◆ **STORED DATA**
*** Block opens ***

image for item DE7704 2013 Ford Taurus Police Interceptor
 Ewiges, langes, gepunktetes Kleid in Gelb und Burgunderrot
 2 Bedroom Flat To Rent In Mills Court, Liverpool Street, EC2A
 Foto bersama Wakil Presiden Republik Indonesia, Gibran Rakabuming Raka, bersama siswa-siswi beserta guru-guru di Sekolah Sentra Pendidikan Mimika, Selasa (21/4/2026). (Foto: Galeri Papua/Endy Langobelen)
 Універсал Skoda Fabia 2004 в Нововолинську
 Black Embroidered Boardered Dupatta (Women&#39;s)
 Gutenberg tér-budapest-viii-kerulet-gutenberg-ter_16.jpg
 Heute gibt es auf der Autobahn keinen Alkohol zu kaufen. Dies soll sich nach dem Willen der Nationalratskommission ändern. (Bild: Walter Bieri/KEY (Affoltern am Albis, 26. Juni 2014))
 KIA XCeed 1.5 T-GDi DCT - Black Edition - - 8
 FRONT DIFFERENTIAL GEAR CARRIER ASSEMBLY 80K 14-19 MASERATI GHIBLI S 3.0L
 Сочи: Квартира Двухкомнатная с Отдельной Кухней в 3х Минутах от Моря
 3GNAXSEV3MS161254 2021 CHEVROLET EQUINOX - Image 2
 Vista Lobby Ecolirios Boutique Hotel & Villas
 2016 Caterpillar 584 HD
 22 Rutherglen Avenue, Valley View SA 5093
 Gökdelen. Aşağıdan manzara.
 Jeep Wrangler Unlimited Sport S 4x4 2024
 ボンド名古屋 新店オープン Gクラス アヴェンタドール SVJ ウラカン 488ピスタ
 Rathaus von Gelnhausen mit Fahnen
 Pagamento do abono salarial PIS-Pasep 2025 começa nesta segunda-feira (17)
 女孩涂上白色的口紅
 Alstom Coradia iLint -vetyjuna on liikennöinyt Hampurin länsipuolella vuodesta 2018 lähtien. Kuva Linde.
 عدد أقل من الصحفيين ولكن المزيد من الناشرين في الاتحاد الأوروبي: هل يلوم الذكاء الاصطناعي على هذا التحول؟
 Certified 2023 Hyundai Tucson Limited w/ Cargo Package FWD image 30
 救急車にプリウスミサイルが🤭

*** Block closes ***

◆ **TASK STATEMENT**
Every line of the entries that includes "Black" must be copied into the answer.

◆ **ANSWER BOX**
 Black Embroidered Boardered Dupatta (Women&#39;s)
 KIA XCeed 1.5 T-GDi DCT - Black Edition - - 8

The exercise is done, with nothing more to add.